24.11.2014, 19:42 Uhr
Wenn ängstliche Polizisten selbst gefährlich werden

© Foto: afp

Die beiden Polizisten hätten, das sagt die Polizeiführung von Cleveland, keine andere Wahl gehabt. „Sie haben nur ihren Job getan“. Der Job: Am Samstag den zwölfjährigen Tamir Rice auf einem Spielplatz mit zwei Bauchschüssen zu töten, nachdem der junge Schwarze mit einer Druckluft-Spielpistole hantiert hatte, die nur schwer von einer echten Schusswaffe zu unterscheiden war.

Ein Beobachter hatte der Notrufzentrale mitgeteilt, es handele sich vermutlich um ein sogenanntes „toy-gun“, einen ungefährlichen Nachbau. Diese zentrale Information wurde aber den Cops nicht mitgeteilt, die sich angeblich bedroht fühlten, als Tamir zum Hosenbund griff. Ein orangefarbenes Zeichen, das die Waffe als harmlos kennzeichnen sollte, war abgekratzt worden. Auf die Idee, nur auf die Beine des Jungen zu zielen, kamen die Polizisten nicht.

Dass es sich um einen „sehr tragischen Vorfall“ handelt, der den Beteiligten leid tue — diese Worte des Bedauerns hatte am Freitag auch der New Yorker Polizeichef William Bratton in einem zweiten spektakulären Fall der Tötung eines unschuldigen Zivilisten benutzt. Denn ausgerechnet kurz vor der Bekanntgabe, ob in der Kleinstadt Ferguson in Missouri ein weißer Polizist für das Erschießen des unbewaffneten schwarzen Teenagers Michael Brown vor Gericht gestellt wird, kochen die Emotionen unter den Afro-Amerikanern wieder hoch.

Am Donnerstagabend hatte in einem Sozialwohnungsbau im New Yorker Stadtteil Brooklyn der 28-jährige Schwarze Akai Gurley das Pech, dass er mit seiner Freundin im Treppenhaus dem weißen Polizisten Peter Liang begegnete — einem Berufsanfänger, der sich bei seinem Patrouillengang in diesem Kriminalitätsschwerpunkt fürchtete und mit dem Finger am Abzug seiner Glock-Pistole unterwegs war. Als dem Jung-Cop dann im Halbdunkeln der zweifache Vater Gurley entgegenkam, feuerte er.
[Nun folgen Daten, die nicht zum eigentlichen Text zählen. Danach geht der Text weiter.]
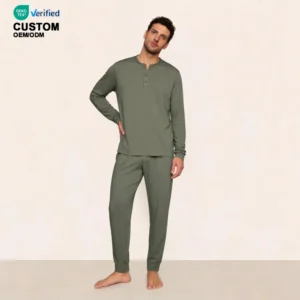 QinQin Men's Long Sleeve Customizable Pajamas Set Soft Breathable Bamboo Two-Piece Casual Loungewear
Gurley trug weder eine Waffe noch wurde er polizeilich gesucht.

Als Unfall deklariert

Während Bratton und New Yorks Bürgermeister Bill de Blasio die Tragödie als „Unfall“ einstufen, fragte Bürgerrechtler Al Sharpton: „Woher wissen wir das, ohne dass eine Untersuchung abgeschlossen wurde?“ Sharpton unterstellt damit, dass der Polizist wohl schon daher feuerte, weil er einem Schwarzen gegenüberstand.

Über Nacht tauchten in dem Gebäudekomplex, wo Gurley starb, Plakate auf. „Wir haben Liang für schuldig befunden und verlangen, dass er verhaftet und des Mordes angeklagt wird“, heißt es darauf. Doch dass es dazu kommt, gilt als ausgeschlossen. In ähnlichen Fällen kam es in der Vergangenheit nur zur zeitweisen Suspendierung — bei voller Bezahlung.

Auch in New York gibt es viele, die das nicht hinnehmen wollen. „Wir werden Ferguson hierhin bringen“, sagte Tryeek Washington von der Schwarzen-Organisation „Operation Power“ bei einem Protestmarsch, der am Samstag rund 200 Menschen vor das Polizeirevier führte, in dem Peter Liang Dienst tut.

Doch auch in Ferguson gibt es Anzeichen, dass es kein Strafverfahren gegen den weißen Cop geben wird, der Michael Brown erschoss: Zahlreiche Geschäfte und städtische Einrichtungen haben schon die Sicherheitsvorkehrungen verstärkt, auch Polizei und Justiz. Man fürchtet wieder schwere Krawalle und Plünderungen. Dass diese dann auf andere Teile der USA übergreifen, ist angesichts der jüngsten Schlagzeilen vorstellbar.